Boe Presentation - For the purpose of calculating unit revenues and costs, natural gas is converted to a barrel of oil equivalent ("Boe") using six thousand cubic feet ("Mcf") of natural gas equal to one barrel of oil unless otherwise stated. Boe may be misleading, particularly if used in isolation. A Boe conversion ratio of six Mcf to one barrel ("bbl") is based on an energy equivalency conversion method primarily applicable at the burner tip and does not represent a value equivalency at the wellhead. All Boe measurements and conversions in this report are derived by converting natural gas to oil in the ratio of six thousand cubic feet of gas to one barrel of oil. Mboe means 1,000 Boe.
CORE AREA REVIEW
Parkland/Fort St. John Area, North East British Columbia
This area includes our Montney discovery and is the largest of Storm's core areas, with net production averaging 6,016 Boe per day in the second quarter. During the quarter, approximately 500 Boe per day was shut in or curtailed due to low natural gas prices. Current production is approximately 6,100 Boe per day with 500 Boe per day shut in.
During the second quarter, two Montney horizontal wells at Parkland that were completed and tied in during the first quarter, began producing in mid-May and early June (both 100% working interest). Each is currently being produced at a restricted rate of approximately 4.5 Mmcf per day which represents 800 Boe per day of net sales per well. Planned activity at Parkland over the remainder of the year includes drilling three horizontal development wells (2.4 net) in our Montney discovery, three vertical Montney step-outs (3.0 net), and one exploratory Montney vertical well (1.0 net) to further evaluate a new pool Montney lead.
Development of our Montney discovery continues to progress as expected. We are currently producing about 27 Mmcf per day of gross raw gas from 14 horizontal Montney gas wells plus 3 Mmcf per day of gross raw gas from 11 Montney vertical wells. The first year average rate from our horizontal wells continues to be approximately 2.3 Mmcf per day of raw gas, which represents 400 Boe per day of sales gas per well.

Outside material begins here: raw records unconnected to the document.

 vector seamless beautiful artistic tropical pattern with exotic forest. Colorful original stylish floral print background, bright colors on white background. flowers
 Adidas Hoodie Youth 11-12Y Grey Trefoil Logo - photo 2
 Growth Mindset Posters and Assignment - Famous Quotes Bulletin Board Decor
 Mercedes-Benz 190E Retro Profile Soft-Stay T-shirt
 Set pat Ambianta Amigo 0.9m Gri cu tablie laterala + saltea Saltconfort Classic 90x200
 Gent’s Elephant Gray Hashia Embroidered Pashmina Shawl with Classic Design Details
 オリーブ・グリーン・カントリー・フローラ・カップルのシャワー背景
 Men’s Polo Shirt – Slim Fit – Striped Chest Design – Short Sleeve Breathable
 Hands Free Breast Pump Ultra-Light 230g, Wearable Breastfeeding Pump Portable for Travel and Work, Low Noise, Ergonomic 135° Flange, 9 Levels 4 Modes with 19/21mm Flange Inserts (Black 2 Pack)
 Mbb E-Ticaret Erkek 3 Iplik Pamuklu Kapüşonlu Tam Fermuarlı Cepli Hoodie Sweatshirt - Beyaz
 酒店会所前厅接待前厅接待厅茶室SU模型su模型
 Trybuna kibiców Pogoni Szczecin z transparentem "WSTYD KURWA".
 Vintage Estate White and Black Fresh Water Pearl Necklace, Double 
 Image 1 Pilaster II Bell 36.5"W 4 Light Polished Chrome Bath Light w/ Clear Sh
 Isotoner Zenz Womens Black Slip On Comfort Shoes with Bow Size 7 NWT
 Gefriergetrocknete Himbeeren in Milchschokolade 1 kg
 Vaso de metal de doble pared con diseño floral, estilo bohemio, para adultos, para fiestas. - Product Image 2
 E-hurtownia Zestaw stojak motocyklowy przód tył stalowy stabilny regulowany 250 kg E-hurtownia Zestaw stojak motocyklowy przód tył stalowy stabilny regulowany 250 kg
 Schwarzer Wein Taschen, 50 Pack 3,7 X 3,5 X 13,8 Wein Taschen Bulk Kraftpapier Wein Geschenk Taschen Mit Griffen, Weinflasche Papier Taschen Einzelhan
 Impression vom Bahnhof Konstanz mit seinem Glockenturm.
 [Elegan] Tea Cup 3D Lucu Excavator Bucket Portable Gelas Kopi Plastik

Geological mapping suggests that our Montney discovery could be as large as 15 to 17 net sections. The 2008 year-end reserve evaluation completed by Paddock Lindstrom & Associates Ltd. recognized an areal extent of 11 sections (7,040 acres) based on 13 successful vertical Montney gas wells. This resulted in estimated Discovered Petroleum Initially in Place ("DPIIP") or gross Original Gas in Place(1) ("OGIP") for our Montney discovery to be 409 Bcf. Estimated DPIIP relies on a porosity cut-off of 6% on a sandstone scale which is somewhat conservative in comparison to what is being used by other reserve evaluators in the area. The areal extent of our discovery is likely to have increased by one to two net sections based on results from the one successful vertical Montney step-out we drilled in the first quarter and the recompletion of two suspended wells in the first and third quarters. During the remainder of 2009, three additional step-outs are planned in an effort to further expand the areal extent of our Montney discovery.
In 2009, a total of $16 million has been budgeted to expand our infrastructure at Parkland. In the first quarter, $4 million was invested in completing a second facility which is currently capable of processing 12 Mmcf per day and has been designed to be readily expandable to 50 Mmcf per day of capacity. Later this year, we plan to expand this facility to 25 Mmcf per day of capacity and a liquids extraction plant (refridge) will be added at an estimated cost of $12 million. We have started ordering and taking delivery of equipment and expect to start construction in late October, with completion expected by early December. The refridge plant is expected to result in liquids recoveries increasing from 16 to 45 barrels per Mmcf of sales gas which would increase liquids production by 400 to 600 barrels per day and will add two to three million barrels of natural gas liquids to our proven plus probable reserves (based on the DPIIP and recoverable raw gas recognized in the 2008 year-end reserve evaluation).
In the second quarter, the field netback realized at our Parkland property was $16.03 per Boe, production was 6,016 Boe per day (87.3% natural gas), and operating costs were $3.93 per Boe.
1 When used in this press release, original gas in place ("OGIP") means Discovered Petroleum Initially in Place which is defined in the COGEH handbook as the quantity of hydrocarbons that are estimated to be in place within a known accumulation. OGIP is used here as it is a more commonly used industry term when referring to gas accumulations. Discovered Petroleum Initially in Place is divided into recoverable and unrecoverable portions, with the estimated future recoverable portion classified as reserves and contingent resources. There is no certainty that it will be economically viable or technically feasible to produce any portion of this Discovered Petroleum Initially in Place except for those portions identified as proved or probable reserves.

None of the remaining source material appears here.